В общем, положительные события. И все-таки она слабо радовалась этому, была грустна, молчалива, безучастна.
Я думаю, она была подавлена тем, что прошло два с половиной месяца, а она так же беспомощна, так же зависит от окружающих, что она сама не может повернуться в кровати и надо звать Ольгу Алексеевну.
И еще (я думаю) она казнилась тем, что в тягость окружающим, главным образом В.А., который физически в свои семьдесят пять лет не мог ее ни повернуть, ни поднять. Хотя никто не давал ей повода так думать - уход за ней был идеальным и безотказным. Выглядела она очень ослабевшей, сильно похудела, но всегда была подкрашена (какого труда ей это ни стоило) и страдала, что не может вымыть и покрасить голову.
Был последний месяц лета, когда неизменно желтело и краснело кленовое дерево, рядышком, за забором Бориса Пастернака. Днем бывало спокойно, люди не приезжали без ее разрешения. Она подремывала, листала книги, вспоминала.
"Знаешь, - сказала она мне как-то, - я теперь время от времени влюбляюсь в разные стихи Володи. Иногда они мне снятся. Иногда снятся чужие стихи. Но Маяковский - каждый день. Сегодня вот это:
И Бог заплачет над моей книжкой!
Не слова - судороги, слипшиеся комом;
и побежит под небом с моими стихами под мышкой
и будет, задыхаясь, читать их своим знакомым".
Как-то утром проснулась и говорит - опять снилось стихотворение Володи, начало забыла, но конец помню:
Опавшим лепестком
под каблуками танца.
- Это из неоконченного.
- Я знаю, найди мне.
Прочла, отвернулась и больше ничего не сказала.
Как-то вечером вдруг сказала: "Подумать только, сегодня впервые в жизни я не взглянула на себя в зеркало".
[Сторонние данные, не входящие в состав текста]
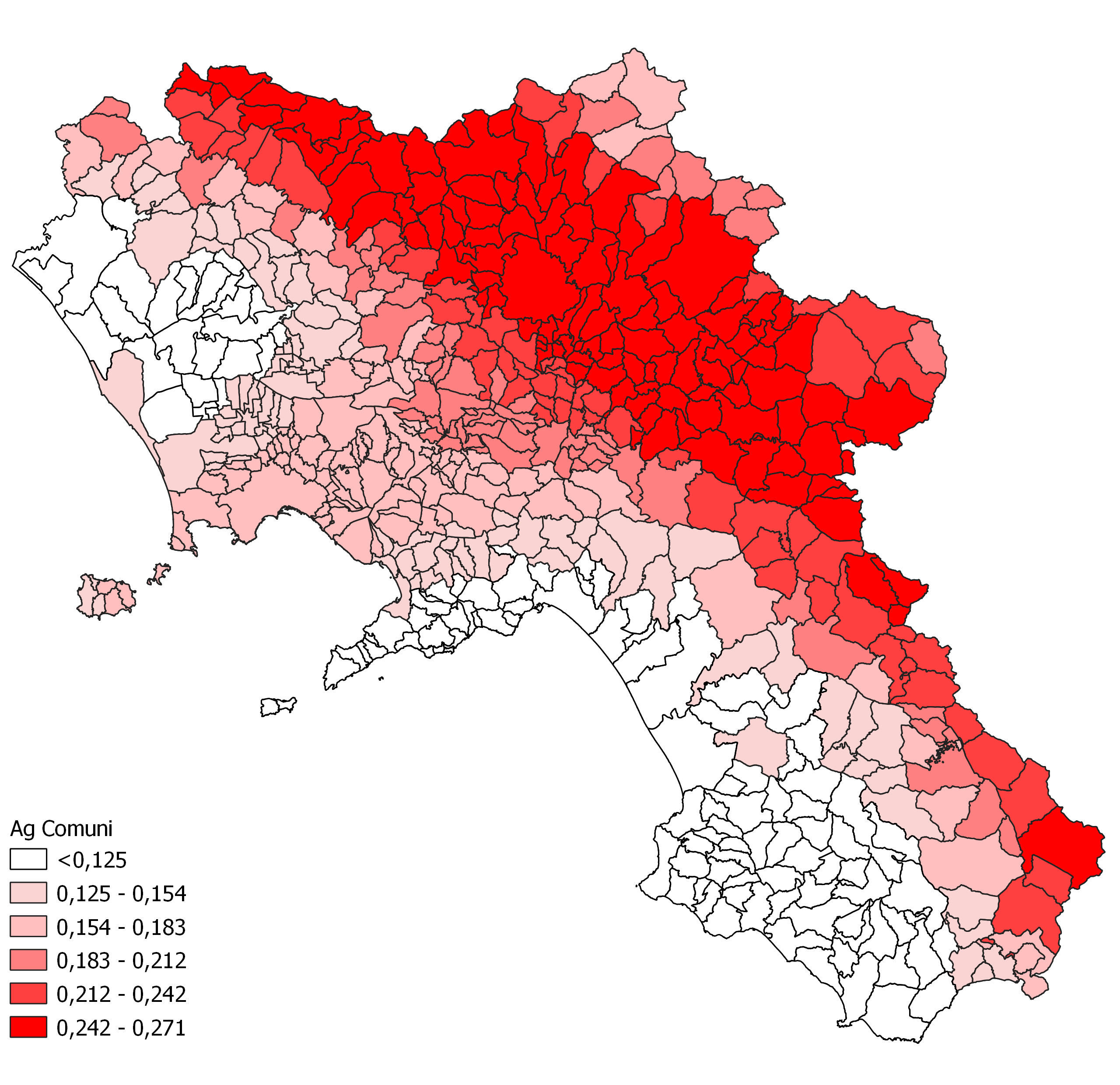 Zone sismiche campania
К смерти Л.Ю. относилась философски: "Ничего не поделаешь - все умирают, и мы умрем". И хотя как-то сказала: "Неважно, как умереть - важно, как жить", свою смерть заранее предусмотрела: "Я умереть не боюсь, у меня кое-что припасено. Я боюсь только, вдруг случится инсульт и я не сумею воспользоваться этим".
Тогда об этих словах забыли.
В своем дневнике вскоре после смерти Маяковского она записала: "Приснился сон - я сержусь на Володю за то, что он застрелился, а он так ласково вкладывает мне в руку крошечный пистолет и говорит: "Все равно ты то же самое сделаешь"".
Сон оказался вещим.
4 августа В.А. поехал в город за продуктами. Л.Ю. осталась с Ольгой Алексеевной, как это не раз бывало.
Л.Ю. попросила воды и подать ей сумку, которая висела у нее в головах. Та подала и ушла на кухню.
Через некоторое время она зашла в комнату и увидела, что Л.Ю. задремала. Последнее время это случалось часто.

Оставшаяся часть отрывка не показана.